Cassie hesitated. She might be socially inept, but not even she could miss the I-don’t-want-to-talk-about-this vibe he was sending out. Which, of course, only made her more determined to discover what he was hiding. “Where were you born?”

She heard his faint sigh. “In the gutters of Paris in the year 1787.”

“Paris?” She sent him a startled glance. “Really?”

“Eyes on the road, pet,” he reprimanded, gently grasping her chin until she was facing straight ahead.

“Sorry,” she muttered. “I’m just surprised.”

“Why?”

“I’m not certain. You seem very . . .”

“What?”

She considered, trying to find the perfect word for his blond good looks, his hint of swagger, and the devilish charm that sparkled in his sapphire eyes. “American,” she at last said.

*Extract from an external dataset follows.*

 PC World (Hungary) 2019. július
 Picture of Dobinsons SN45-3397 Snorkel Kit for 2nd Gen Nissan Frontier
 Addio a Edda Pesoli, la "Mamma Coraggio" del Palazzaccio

“Not surprising.” She felt him shrug. “I was barely thirteen when I signed on as a deckhand to the first ship that would take me. I foolishly thought nothing could be worse than starving in the streets.”

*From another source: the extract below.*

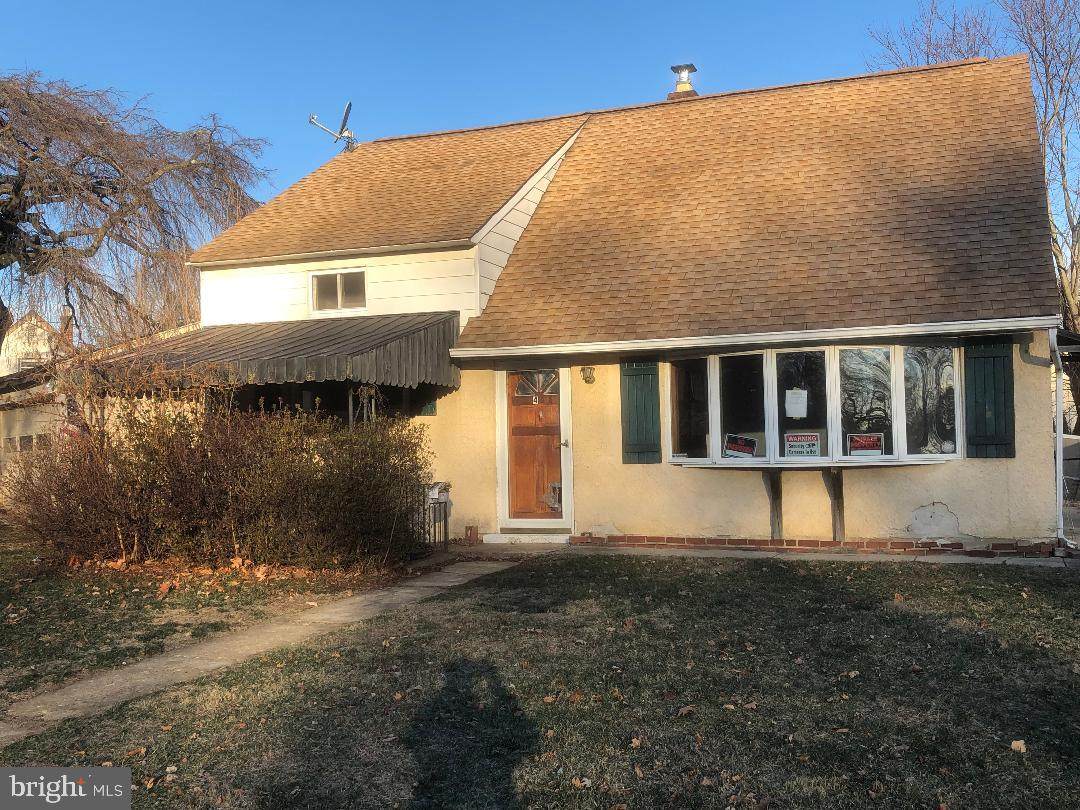 1405 Montgomery Road - Photo 1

She had read enough about history to suspect that being a young boy on a ship wasn’t the dashing adventure that the poor kid no doubt hoped it would be. “But there was?”

His fingers drummed a restless tattoo on the door handle. “We’d been out to sea less than a month when the ship was taken by pirates.”

Oh . . . gods. She slowed the vehicle to a mere crawl. “Did they hurt you?”

“Yes.”

And that was all he was going to say on the subject, she ruefully acknowledged. Not that she needed the gory details. A young boy in the hands of brutal, lawless pirates . . . it was all very self-explanatory. “I’m sorry.”

The tapping halted as Caine sucked in a slow, deep breath, no doubt battling back the memories of those bleak years of misery. “I survived and eventually they sailed close enough to land for me to risk throwing myself overboard and swimming for shore. I ended up in New Orleans.”

“How old were you?”

“By then I’d lost track, but I think I must have been around seventeen.”

“So young,” she breathed. “How did you survive?”

“I begged or stole. Occasionally, I sold my body.” His voice was bland. Too bland. “You can’t afford pride or morals when you’re hungry.”